||An old house built in the 1900s, with high ceilings and large base boards is where Karen Rummell, OD, set up her Toronto-based practice in 1982. Nestled in the heart of a neighborhood called “The Beaches,” the practice attracts “an eccentric group of residents who are interested in doing shopping in the area,” says Dr. Rummell. |
| By 1998, the practice was booming, but the house needed something more. Dr. Rummell built an extension to create a larger dispensary. |
With more room to work with, something had to be done with the displays to make the modern addition part of the home. “Our displays were old fashioned and not very nice,” says Dr. Rummell. “I tried for years to think of something funky to do with the displays, even before the addition. I was resisting like crazy having to call upon one of the design people for the displays.”

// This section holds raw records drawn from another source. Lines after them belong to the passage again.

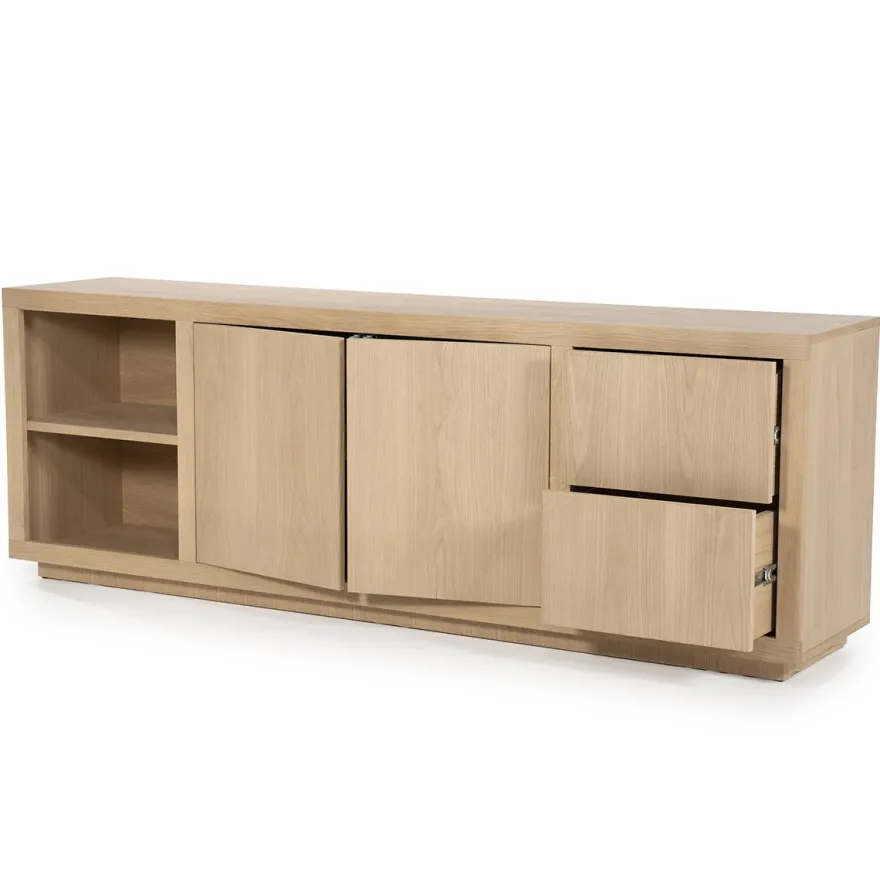 Eleonora Helsinki Naturel Dressoir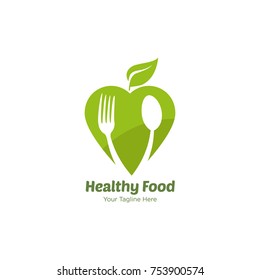 Royalty Free Healthy Food Logo Stock Images Photos Vectors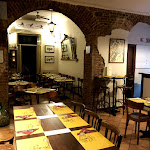 Photo n°7 de l'avis de stephen.o fait le 06/09/2018 à 10:09 sur le  La Società dei Carbonari à Turin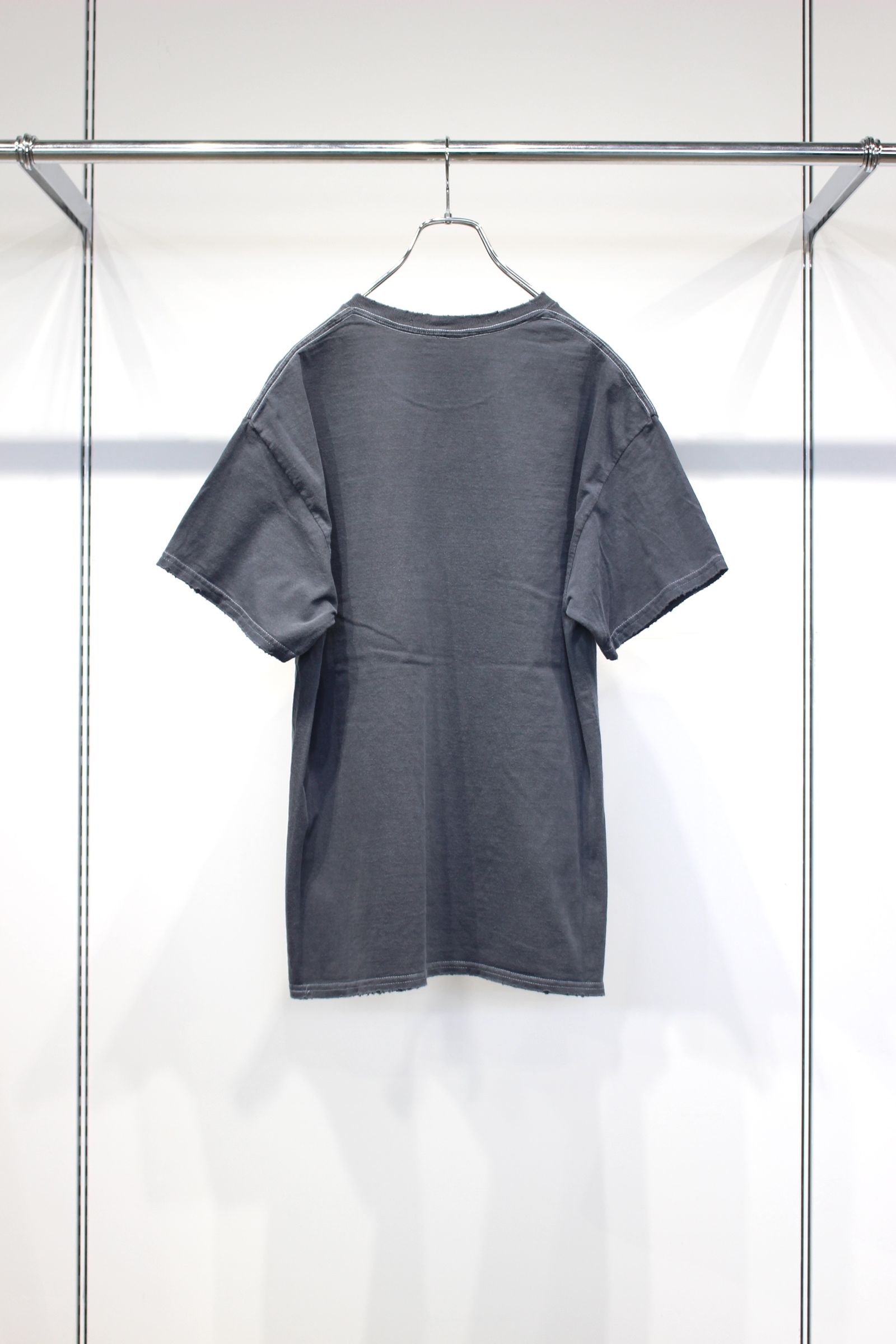 FADING HORSE SS | NAVY | カットソー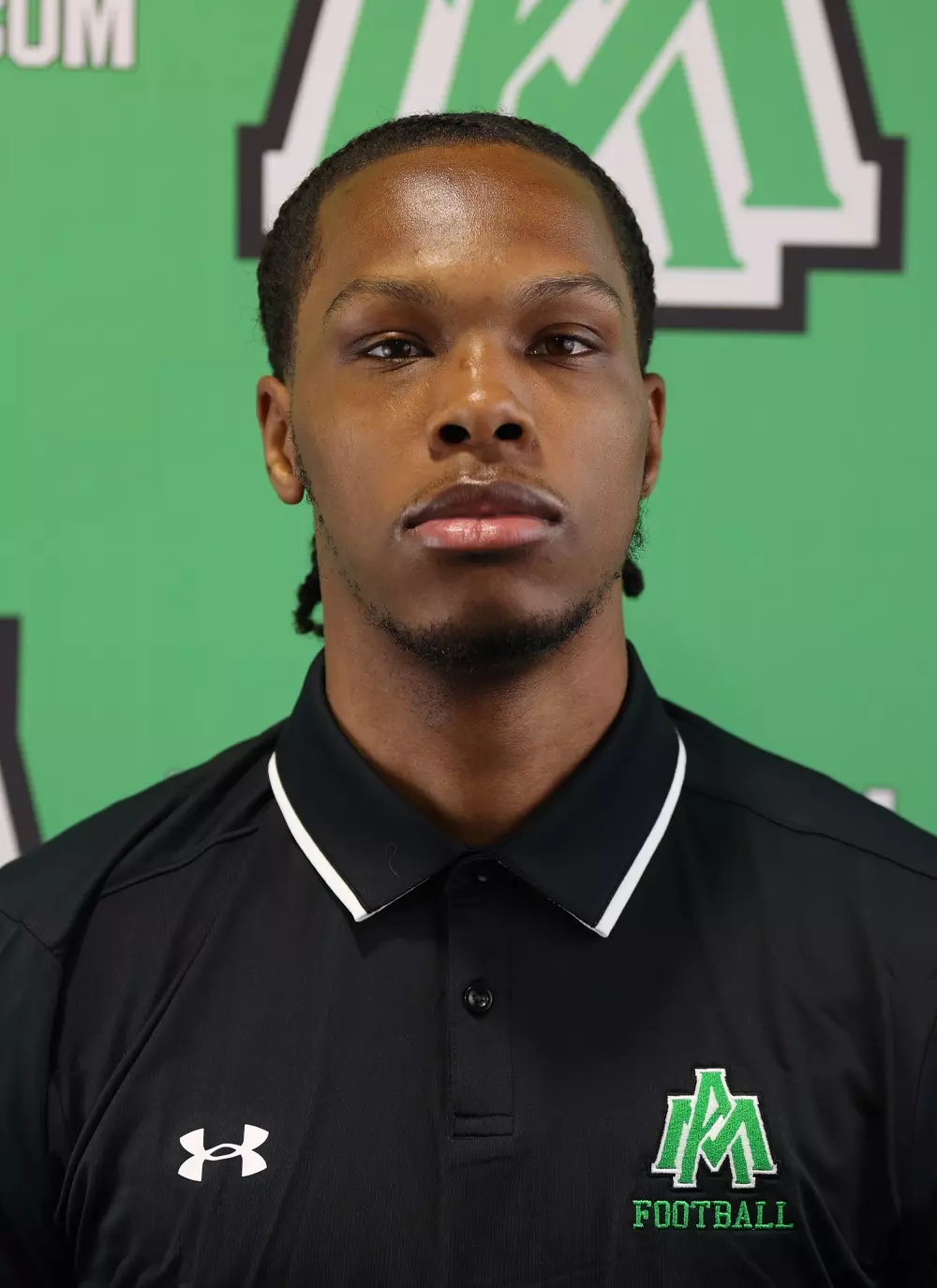 Keshawn Noriega and Darrell Atkins - 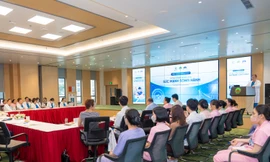 Bệnh viện Hồng Ngọc tổ chức thành công hội thảo khoa học 'IVF & Công nghệ GEN: Sức mạnh song hành'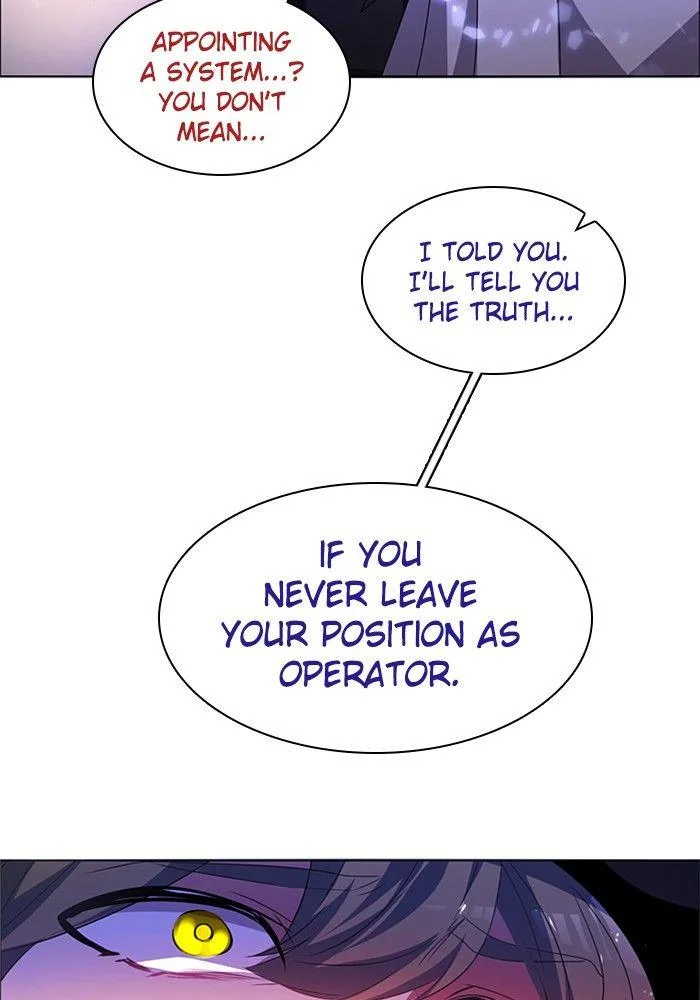 Zero Game Chapter 51 page 10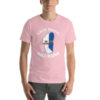California Nevada T-Shirt, white text - Image 14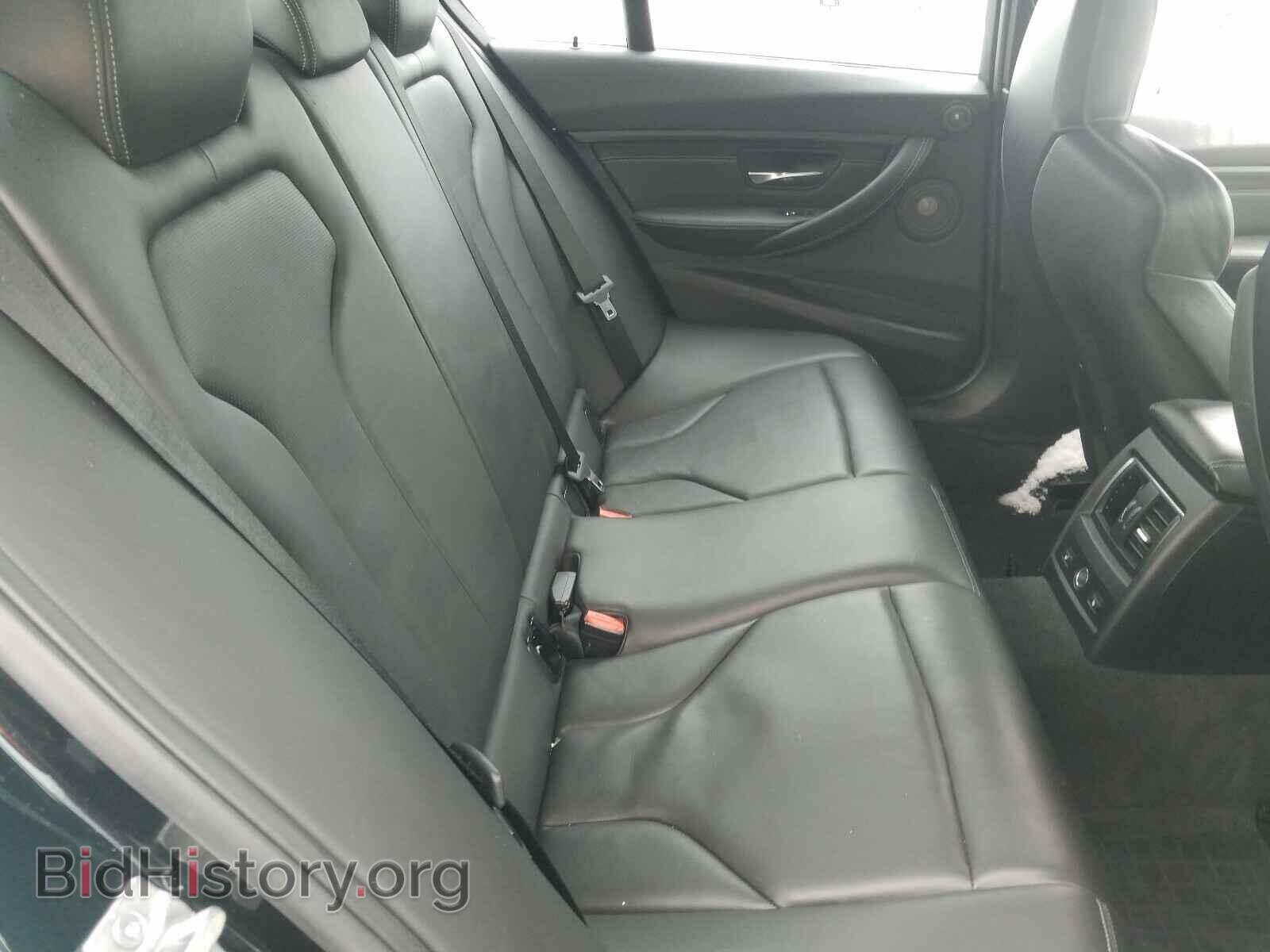 2016 BMW M3 - VIN: WBS8M9C59G5D30280 - Фото 6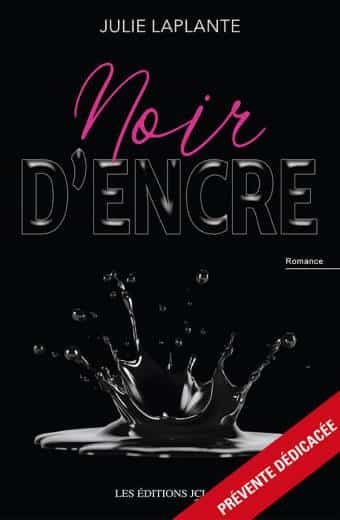 Noir d'encre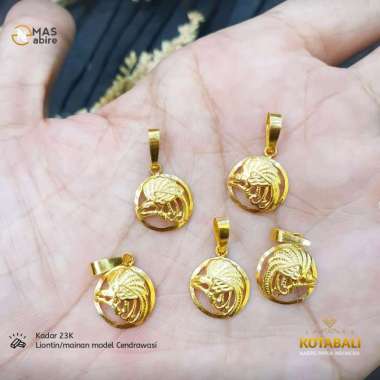 Kalung Emas 1 Gram - Harga Terbaru April 2022 | Blibli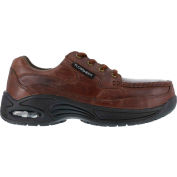 S/R suprême Moc Toe Eurocasual Oxford Florsheim® FS2430 hommes, taille 11,5 EEE (X-large)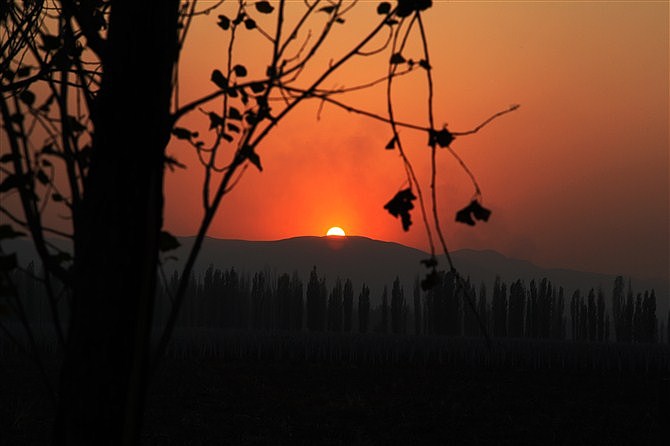 光影生活-摄影-人像-风景-写真-日出日落-构图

But, Concord, Ontario-based Modular Design rose to the challenge of creating a retailing environment to sell upscale, trendy frame styles in this old, well-established community.
Taking inspiration from a large gilded mirror hanging in the dispensary, Modular Design chose gilded picture frames to use around its display panels to create an art gallery effect in the dispensary sure to keep the interest of the artsy, creative clientele. The actual display panels are individual frame boards that allow for easy movement of the frames and have the ability to change the number of frames displayed without looking barren or overcrowded. “The displays work well, are easy to use and versatile,” notes Dr. Rummell. “With Modular’s displays, you don’t have to display too many frames for it to look good, but you can if you need to.”